▶ [DATA UNDER STUDY]:
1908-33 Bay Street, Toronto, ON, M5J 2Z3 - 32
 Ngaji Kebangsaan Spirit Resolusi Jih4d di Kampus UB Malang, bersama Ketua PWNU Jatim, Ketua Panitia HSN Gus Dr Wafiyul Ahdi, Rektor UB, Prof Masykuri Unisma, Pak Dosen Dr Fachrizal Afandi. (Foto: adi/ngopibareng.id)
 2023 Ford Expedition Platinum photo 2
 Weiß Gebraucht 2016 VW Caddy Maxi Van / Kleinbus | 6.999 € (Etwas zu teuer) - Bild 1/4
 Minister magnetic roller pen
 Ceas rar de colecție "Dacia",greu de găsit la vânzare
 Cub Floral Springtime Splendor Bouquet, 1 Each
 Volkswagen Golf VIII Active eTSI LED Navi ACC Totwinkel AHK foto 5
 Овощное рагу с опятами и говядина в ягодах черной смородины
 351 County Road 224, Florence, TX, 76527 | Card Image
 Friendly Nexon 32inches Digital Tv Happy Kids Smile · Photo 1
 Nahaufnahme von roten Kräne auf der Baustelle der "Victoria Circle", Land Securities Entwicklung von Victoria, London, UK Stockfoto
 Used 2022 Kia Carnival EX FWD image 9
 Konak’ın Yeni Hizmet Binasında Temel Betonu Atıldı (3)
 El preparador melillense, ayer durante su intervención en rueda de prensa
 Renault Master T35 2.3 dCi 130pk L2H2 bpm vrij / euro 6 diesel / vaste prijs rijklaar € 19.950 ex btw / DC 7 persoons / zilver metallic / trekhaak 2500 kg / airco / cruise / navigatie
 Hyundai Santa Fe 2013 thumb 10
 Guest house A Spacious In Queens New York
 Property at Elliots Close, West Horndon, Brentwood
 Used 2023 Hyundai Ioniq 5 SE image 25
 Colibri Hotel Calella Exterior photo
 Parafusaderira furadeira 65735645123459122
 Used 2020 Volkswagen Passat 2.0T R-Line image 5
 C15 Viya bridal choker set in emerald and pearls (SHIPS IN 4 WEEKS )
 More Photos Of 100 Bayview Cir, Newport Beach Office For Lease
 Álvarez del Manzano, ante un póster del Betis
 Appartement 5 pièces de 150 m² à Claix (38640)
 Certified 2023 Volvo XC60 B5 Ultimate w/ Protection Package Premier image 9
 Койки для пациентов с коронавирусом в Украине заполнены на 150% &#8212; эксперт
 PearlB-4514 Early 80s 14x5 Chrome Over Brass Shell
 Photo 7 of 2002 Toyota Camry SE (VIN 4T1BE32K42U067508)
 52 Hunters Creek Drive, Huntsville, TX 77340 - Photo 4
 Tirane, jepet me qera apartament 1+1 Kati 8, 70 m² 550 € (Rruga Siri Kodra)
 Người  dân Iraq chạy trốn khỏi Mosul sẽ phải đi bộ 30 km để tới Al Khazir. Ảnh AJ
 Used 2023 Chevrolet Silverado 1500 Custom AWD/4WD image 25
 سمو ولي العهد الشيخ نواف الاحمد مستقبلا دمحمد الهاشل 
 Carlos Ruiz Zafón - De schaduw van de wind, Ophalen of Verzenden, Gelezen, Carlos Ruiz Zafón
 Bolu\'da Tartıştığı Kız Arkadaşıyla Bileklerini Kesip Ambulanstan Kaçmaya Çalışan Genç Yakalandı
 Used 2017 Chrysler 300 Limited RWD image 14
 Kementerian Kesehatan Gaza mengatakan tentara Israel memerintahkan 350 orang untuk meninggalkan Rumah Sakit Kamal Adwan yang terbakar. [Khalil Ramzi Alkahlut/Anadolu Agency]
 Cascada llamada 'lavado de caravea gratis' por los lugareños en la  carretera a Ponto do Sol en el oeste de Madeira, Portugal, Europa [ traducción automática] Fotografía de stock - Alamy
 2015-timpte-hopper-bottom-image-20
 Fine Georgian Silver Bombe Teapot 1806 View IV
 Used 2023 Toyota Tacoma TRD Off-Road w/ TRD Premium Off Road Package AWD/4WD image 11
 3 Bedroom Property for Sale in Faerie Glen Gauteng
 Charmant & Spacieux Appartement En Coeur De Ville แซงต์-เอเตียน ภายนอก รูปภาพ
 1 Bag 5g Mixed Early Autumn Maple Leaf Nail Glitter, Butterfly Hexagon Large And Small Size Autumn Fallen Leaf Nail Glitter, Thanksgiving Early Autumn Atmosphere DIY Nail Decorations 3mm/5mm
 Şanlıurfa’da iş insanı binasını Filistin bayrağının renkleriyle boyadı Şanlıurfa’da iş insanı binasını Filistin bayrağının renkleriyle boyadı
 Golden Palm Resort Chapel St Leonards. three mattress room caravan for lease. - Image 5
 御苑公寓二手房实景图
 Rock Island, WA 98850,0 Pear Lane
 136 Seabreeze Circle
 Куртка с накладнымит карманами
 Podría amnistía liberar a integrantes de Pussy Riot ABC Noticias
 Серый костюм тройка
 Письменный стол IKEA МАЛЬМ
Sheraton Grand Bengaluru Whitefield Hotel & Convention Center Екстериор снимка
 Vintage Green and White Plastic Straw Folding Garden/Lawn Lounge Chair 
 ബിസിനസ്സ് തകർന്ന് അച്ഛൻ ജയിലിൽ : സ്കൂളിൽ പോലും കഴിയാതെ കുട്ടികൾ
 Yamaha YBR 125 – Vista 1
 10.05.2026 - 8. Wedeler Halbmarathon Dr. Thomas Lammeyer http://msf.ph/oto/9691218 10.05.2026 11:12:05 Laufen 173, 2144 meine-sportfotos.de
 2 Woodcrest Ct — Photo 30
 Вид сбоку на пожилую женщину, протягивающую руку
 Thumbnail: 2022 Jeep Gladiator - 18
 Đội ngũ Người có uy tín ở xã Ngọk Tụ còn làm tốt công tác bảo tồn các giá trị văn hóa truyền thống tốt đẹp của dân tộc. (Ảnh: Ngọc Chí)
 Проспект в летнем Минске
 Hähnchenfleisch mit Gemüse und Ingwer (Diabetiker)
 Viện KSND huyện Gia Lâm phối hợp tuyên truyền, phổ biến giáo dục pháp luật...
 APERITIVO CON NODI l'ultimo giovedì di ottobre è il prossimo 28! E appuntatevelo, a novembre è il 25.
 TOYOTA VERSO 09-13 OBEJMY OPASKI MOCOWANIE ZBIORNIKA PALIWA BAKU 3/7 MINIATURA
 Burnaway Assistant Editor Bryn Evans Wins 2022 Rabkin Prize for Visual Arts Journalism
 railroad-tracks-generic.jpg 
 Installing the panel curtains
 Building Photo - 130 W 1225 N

▶ [THE TASK]: Output, exactly and in full, the lines from the start of the entries above through the line that contains "Volkswagen Golf VIII".

▶ [COMPLETED TASK]:
1908-33 Bay Street, Toronto, ON, M5J 2Z3 - 32
 Ngaji Kebangsaan Spirit Resolusi Jih4d di Kampus UB Malang, bersama Ketua PWNU Jatim, Ketua Panitia HSN Gus Dr Wafiyul Ahdi, Rektor UB, Prof Masykuri Unisma, Pak Dosen Dr Fachrizal Afandi. (Foto: adi/ngopibareng.id)
 2023 Ford Expedition Platinum photo 2
 Weiß Gebraucht 2016 VW Caddy Maxi Van / Kleinbus | 6.999 € (Etwas zu teuer) - Bild 1/4
 Minister magnetic roller pen
 Ceas rar de colecție "Dacia",greu de găsit la vânzare
 Cub Floral Springtime Splendor Bouquet, 1 Each
 Volkswagen Golf VIII Active eTSI LED Navi ACC Totwinkel AHK foto 5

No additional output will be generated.